§ **DATA RECORDS**:

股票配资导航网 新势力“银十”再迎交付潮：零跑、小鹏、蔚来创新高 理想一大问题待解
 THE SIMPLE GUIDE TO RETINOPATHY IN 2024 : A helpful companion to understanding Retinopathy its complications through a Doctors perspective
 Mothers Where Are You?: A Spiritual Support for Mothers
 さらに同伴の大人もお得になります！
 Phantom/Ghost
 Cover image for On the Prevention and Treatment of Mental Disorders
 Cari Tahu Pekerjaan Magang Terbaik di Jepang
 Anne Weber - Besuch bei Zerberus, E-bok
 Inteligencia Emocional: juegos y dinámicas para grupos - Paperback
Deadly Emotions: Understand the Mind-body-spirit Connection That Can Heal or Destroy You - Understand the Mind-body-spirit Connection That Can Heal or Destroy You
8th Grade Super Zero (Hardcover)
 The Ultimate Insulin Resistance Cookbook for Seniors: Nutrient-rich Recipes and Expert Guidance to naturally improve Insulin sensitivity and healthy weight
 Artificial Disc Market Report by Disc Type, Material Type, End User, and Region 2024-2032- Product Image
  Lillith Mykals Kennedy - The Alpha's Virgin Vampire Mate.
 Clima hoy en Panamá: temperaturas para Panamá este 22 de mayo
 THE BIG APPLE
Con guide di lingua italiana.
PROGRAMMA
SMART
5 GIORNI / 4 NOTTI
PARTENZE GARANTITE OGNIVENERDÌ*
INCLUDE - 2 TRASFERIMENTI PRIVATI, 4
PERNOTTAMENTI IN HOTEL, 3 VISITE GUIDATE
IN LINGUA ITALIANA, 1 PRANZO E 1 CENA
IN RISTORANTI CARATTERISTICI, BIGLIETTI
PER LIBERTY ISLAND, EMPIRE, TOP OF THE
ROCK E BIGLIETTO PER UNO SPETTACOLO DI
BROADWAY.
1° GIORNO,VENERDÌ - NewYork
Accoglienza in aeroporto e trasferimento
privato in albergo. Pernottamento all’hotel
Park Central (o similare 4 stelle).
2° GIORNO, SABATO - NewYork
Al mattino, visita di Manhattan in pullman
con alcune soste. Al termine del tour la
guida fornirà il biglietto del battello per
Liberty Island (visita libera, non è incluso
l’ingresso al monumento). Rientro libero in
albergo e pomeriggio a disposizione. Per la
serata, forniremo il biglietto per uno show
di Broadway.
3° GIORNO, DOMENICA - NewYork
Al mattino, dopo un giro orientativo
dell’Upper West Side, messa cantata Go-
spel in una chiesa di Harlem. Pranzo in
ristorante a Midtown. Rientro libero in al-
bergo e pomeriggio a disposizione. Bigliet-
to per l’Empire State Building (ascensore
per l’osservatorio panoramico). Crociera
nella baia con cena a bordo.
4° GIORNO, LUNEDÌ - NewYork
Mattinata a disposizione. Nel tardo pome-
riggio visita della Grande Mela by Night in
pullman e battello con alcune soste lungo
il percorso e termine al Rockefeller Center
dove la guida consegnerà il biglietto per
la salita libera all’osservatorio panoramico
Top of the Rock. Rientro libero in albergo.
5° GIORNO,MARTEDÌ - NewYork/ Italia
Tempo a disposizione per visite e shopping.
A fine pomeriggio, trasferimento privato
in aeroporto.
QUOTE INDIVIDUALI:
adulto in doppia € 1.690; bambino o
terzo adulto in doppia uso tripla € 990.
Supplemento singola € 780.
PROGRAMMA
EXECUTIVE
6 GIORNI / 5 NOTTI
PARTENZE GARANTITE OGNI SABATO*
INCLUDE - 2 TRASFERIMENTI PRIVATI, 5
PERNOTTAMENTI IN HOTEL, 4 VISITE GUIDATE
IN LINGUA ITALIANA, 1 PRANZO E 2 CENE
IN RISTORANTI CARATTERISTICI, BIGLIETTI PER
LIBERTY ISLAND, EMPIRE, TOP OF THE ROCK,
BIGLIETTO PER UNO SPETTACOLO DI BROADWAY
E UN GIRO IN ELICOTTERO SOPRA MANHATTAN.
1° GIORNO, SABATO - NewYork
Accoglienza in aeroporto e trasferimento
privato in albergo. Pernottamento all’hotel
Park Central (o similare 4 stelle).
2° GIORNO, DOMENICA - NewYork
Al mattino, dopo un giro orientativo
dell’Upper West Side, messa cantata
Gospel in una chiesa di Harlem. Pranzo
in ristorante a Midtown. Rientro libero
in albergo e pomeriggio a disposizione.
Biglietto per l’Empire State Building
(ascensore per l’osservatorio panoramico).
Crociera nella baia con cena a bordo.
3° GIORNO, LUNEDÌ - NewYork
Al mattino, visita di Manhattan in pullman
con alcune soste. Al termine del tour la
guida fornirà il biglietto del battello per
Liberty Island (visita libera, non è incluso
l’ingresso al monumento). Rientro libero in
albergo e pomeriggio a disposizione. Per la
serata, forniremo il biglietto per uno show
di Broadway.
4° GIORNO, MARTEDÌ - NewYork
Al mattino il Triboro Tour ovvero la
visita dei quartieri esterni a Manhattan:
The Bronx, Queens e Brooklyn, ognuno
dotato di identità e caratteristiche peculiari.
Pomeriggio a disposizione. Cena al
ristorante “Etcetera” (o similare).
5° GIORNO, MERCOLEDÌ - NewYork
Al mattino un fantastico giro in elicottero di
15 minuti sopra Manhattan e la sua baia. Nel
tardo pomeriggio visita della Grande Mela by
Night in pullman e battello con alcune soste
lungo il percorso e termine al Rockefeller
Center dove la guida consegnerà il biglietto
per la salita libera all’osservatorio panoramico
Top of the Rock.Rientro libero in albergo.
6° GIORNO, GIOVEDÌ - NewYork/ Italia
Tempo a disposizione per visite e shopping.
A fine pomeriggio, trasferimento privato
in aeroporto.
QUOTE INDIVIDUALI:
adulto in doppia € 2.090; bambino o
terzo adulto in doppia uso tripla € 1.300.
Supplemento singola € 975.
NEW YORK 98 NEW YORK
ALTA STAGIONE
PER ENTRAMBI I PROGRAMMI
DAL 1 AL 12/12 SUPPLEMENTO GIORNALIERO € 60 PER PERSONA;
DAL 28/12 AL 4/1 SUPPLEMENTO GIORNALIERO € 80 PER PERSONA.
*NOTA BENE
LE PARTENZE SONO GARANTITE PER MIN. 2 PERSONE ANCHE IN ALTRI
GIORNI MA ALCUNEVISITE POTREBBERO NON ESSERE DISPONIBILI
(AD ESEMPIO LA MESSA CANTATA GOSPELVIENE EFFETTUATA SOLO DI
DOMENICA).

§ **TASK REQUIREMENTS**:
Among the entries above, the line containing "4° GIORNO, LUNEDÌ - NewYork", the line containing "adulto in doppia € 1.690; bambino o", and all lines between them are to be restated word for word; nothing else belongs in the reply.

§ **COMPLETED TASK**:
4° GIORNO, LUNEDÌ - NewYork
Mattinata a disposizione. Nel tardo pome-
riggio visita della Grande Mela by Night in
pullman e battello con alcune soste lungo
il percorso e termine al Rockefeller Center
dove la guida consegnerà il biglietto per
la salita libera all’osservatorio panoramico
Top of the Rock. Rientro libero in albergo.
5° GIORNO,MARTEDÌ - NewYork/ Italia
Tempo a disposizione per visite e shopping.
A fine pomeriggio, trasferimento privato
in aeroporto.
QUOTE INDIVIDUALI:
adulto in doppia € 1.690; bambino o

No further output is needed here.